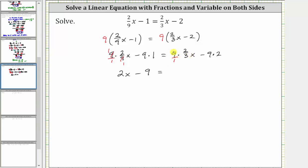On the right, the numerator and denominator share a common factor of three. Simplifying, three divided by three simplifies to one, and nine divided by three simplifies to three. We now have three times two x, which is six x, and then minus nine times two is minus 18. Now we have an equivalent equation without fractions that we can solve.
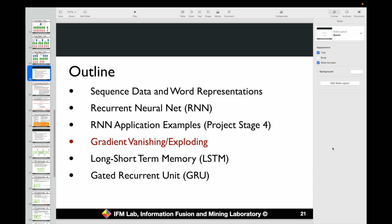Next, let's discuss a very important observation when we learn the recurrent neural net. It is called gradient vanishing and exploding. Gradient vanishing and exploding is a very common problem we will face in training deep learning models — not only for recurrent neural nets, but for other deep learning model architectures as well.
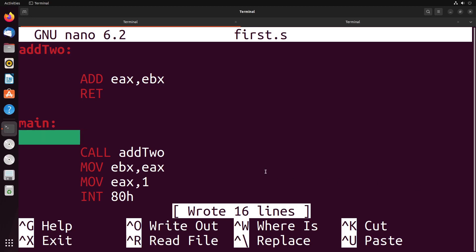In the last video, we saw the basics of calling procedures or functions in x86. In this video, we're going to take a look at how we can pass data through the stack into functions.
════════════════
◆ GOAL OF THE EXERCISE:
Write out again every line above exactly as given; the pictures do not belong in the copy.

◆ WORKED SOLUTION:
On the right, the numerator and denominator share a common factor of three. Simplifying, three divided by three simplifies to one, and nine divided by three simplifies to three. We now have three times two x, which is six x, and then minus nine times two is minus 18. Now we have an equivalent equation without fractions that we can solve.
Next, let's discuss a very important observation when we learn the recurrent neural net. It is called gradient vanishing and exploding. Gradient vanishing and exploding is a very common problem we will face in training deep learning models — not only for recurrent neural nets, but for other deep learning model architectures as well.
In the last video, we saw the basics of calling procedures or functions in x86. In this video, we're going to take a look at how we can pass data through the stack into functions.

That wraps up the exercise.